Macho tempers, teenage dreams and a dash of magic all coalesce in Bird, the latest by British director Andrea Arnold. When she’s firing on all cylinders, Arnold – who announced her talent to the wider world in 2009 with the release of her uncomfortable, sinuously sexy coming-of-age breakout film Fish Tank – is hard to beat. Her aesthetic and thematic approach is inspired as much by the kitchen sink realism of Mike Leigh and Ken Loach as it is by her own personal, subjective lens. Here both are combined wonderfully, with touches of magical realism that give this film the quality of a working-class fairy tale.
After dabbling in road movies such as American Honey (2016) and an adaptation of Wuthering Heights (2011), with Bird Arnold returns to the Fish Tank template: a council-estate setting and a young girl’s struggles with a single parent. She also casts in major roles two of the most striking actors of recent years – Saltburn‘s Barry Keoghan and Passages‘ Franz Rogowski. These two – with their lupine features and history of wise, offbeat roles – counterbalance one another beautifully onscreen, crackling with lively, scrappy energy.
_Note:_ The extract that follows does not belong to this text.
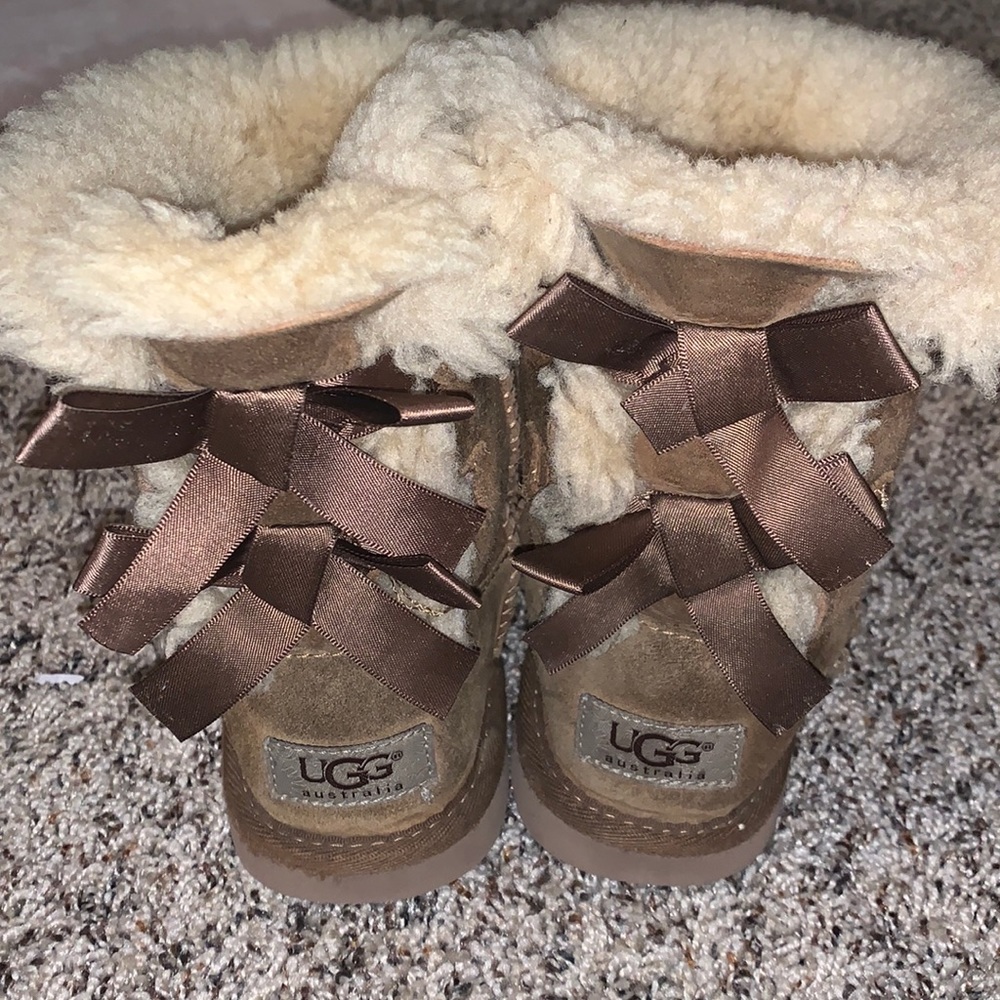 Ugg Kids Bailey bow II size 13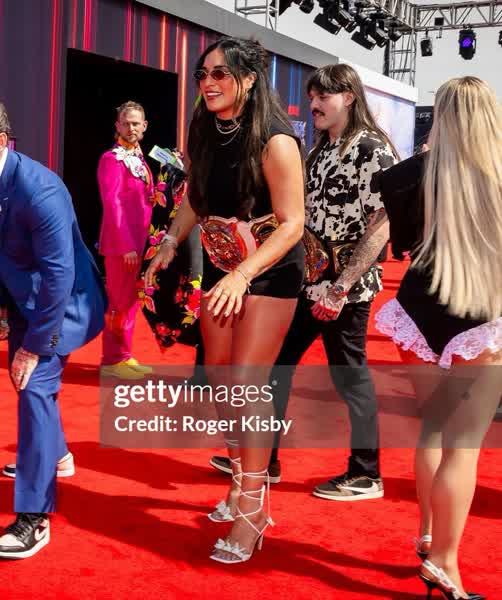 8d3e10f54c23f7122cfc92bd220b077b08f0c16581f43f6237c59e78b7d0b16b thumbnail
Standing between them, though, is the real protagonist: 12-year-old Bailey (Nykiya Adams, a wonderful, gentle young screen presence with just enough pre-teen angst, who holds her own perfectly well opposite these two men). Keoghan is her loving but volatile single father, Bug, a tattooed conspiracy theorist with numerous children scattered around. The father and daughter have a knife’s edge relationship, one of both fear and affection; you can sense the watchful wariness in Bailey whenever Bug is displeased. Meanwhile, Bailey’s drug-addicted mother is shacked up with a bullying Liverpudlian, while her father’s impending, impulsive marriage to his girlfriend does not fill her with joy.
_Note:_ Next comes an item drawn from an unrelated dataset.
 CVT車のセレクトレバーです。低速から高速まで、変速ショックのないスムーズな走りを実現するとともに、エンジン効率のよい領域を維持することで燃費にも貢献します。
One day, in a fit of pique after an argument, Bailey runs away from her cramped council estate home and into a seemingly itinerant, delicate man in his thirties, Bird (Rogowski), who says he went missing as a child and is looking for his parents – and just so happens to claim he can sprout wings.
The enigmatic stranger is curiously appealing to Bailey, and an oddball friendship forms – one that’s bound to be misunderstood by those around them. But rather than lean into the darkest and most cynical expectations, Arnold finds peculiar freedom and joy in the unravelling of Bird’s mystery. She continues to have the same unsparing eye for predatory behavior and cycles of poverty, but she is also able to find a fantastical and optimistic angle in spite of these threats. Instead of leading Bailey down a primrose path, Bird turns out to be happy to return her kindness when she helps him to find his birth mother. In exchange, Bird extends the girl a little winged favour of his own, leading to an affirming – and surprisingly buoyant – conclusion to an otherwise grim story.